# Voorheesville,NY



## Rail Freak (May 26, 2011)

Talking with some one who says Voorheesville,NY is a Rail Fan Site. Any one been there?


----------



## busboy (May 26, 2011)

Please edit your post, it makes no sense. What are you talking about??


----------



## Rail Freak (May 26, 2011)

busboy said:


> Please edit your post, it makes no sense. What are you talking about??



Easy now, with an attitude like that, you'll never make waitor!!!


----------



## Bill Haithcoat (May 26, 2011)

busboy said:


> Please edit your post, it makes no sense. What are you talking about??

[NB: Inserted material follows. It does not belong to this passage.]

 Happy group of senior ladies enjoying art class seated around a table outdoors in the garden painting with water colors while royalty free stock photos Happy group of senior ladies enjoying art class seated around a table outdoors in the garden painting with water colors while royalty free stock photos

It looks to me like he is asking if there is a railfan site at Vorheesville, n,y,. And if you google it, indeed there is.


----------



## the_traveler (May 27, 2011)

Vorhesville is along the Empire Corridor in upstate NY west of Amsterdam - with plenty of Amtrak and CSX action!


----------



## edding (May 28, 2011)

I lived in Voorheesville for 4 years in the early 80's ( probably the happiest years of my life)and there was a great little park near "downtown" Voorheesville where I could take my very young son and watch trains ( mostly D & H). Voorheesville is now a small suburban village outside Albany( with a really great Pizza place), Thanks for reminding me of my favorite place I've lived.

Ed


----------